While the economic side effects of arts investment are most often cited when making funding requests, Ms. Walker doesn't overlook the "softer" argument in favor of the arts — that they help local young people unleash their creative potential, increase their sense of self-worth and equip them to make a positive lifetime contribution to their communities. While she was not directly responsible for the NEA grants, a breakdown of their distribution reflects that philosophy. Included among the various grants are $20,000 for Lenox' theater group Shakespeare & Company to help support a long-term theater arts residency program for high school students from communities in Massachusetts and New York. The North Adams Public Schools have received $35,000 to support Kidspace, a contemporary art gallery and studio.
Too often in Pittsfield and Berkshire County, arts and culture are paired against business and industry as if this is an either/or equation.

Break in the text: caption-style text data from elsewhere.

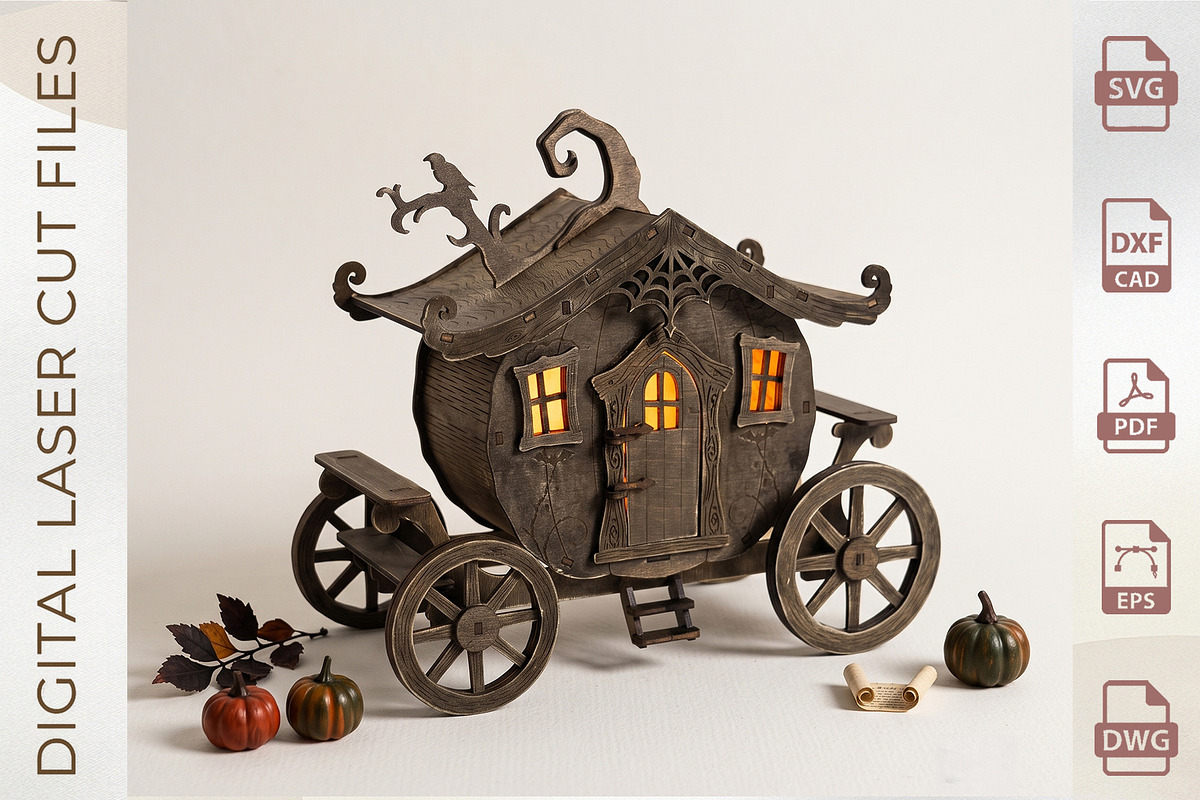 Halloween Pumpkin Carriage Laser Cut, an Object Graphic by WoodoraCut (Photo 3 of 8)
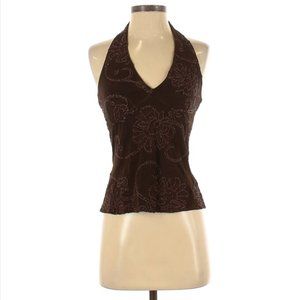 Arden B. Brown Embroidered halter top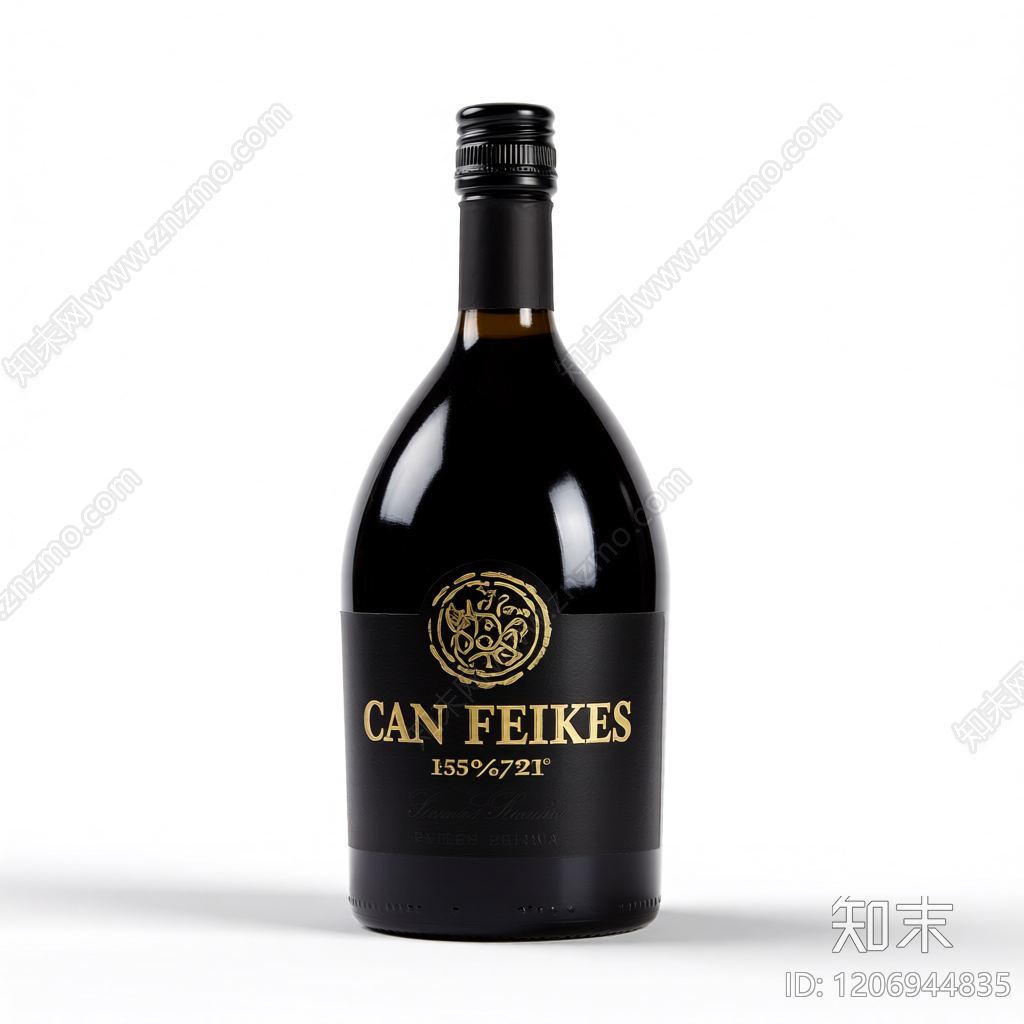 酒瓶带标签装饰品3D模型下载【ID:1206944835】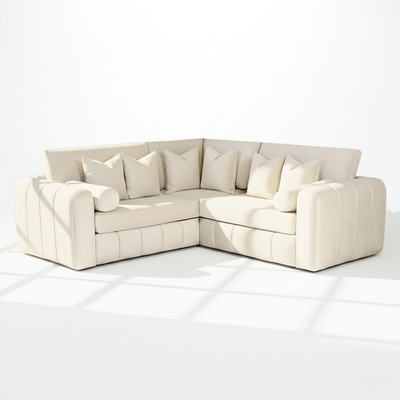 Havana 5 seater corner sofa in cream velvet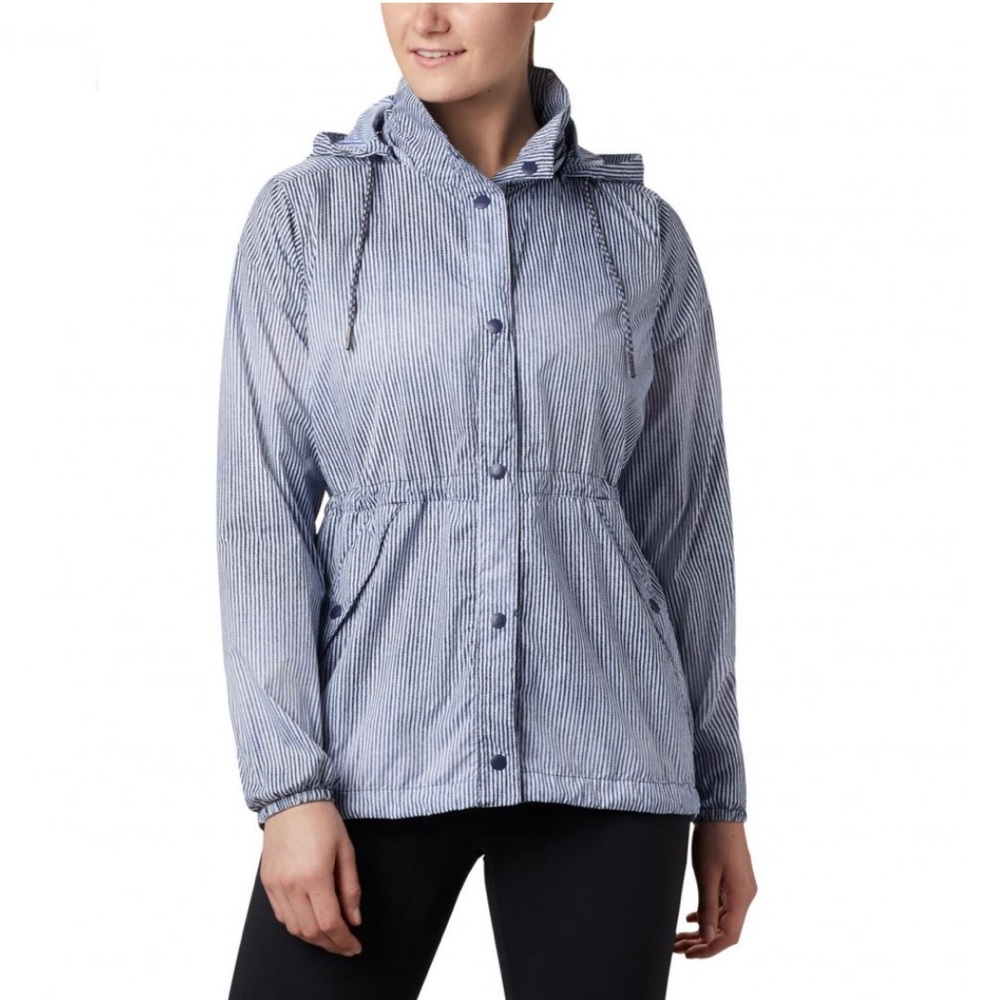 Colombia Ombré Stripe Light Weight Jacket with/ Removable Hood Size L New w/Tag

It is not. All are important, and a strong arts presence that enriches life for residents can attract businesses and their employees to the Berkshires.
The good news from the NEA comes just as the Berkshires are rolling out the welcome mat for summertime cultural tourists. Everyone involved, particularly members of the arts community whose labors are responsible for the region's recognition as a premier cultural venue, deserves a standing ovation.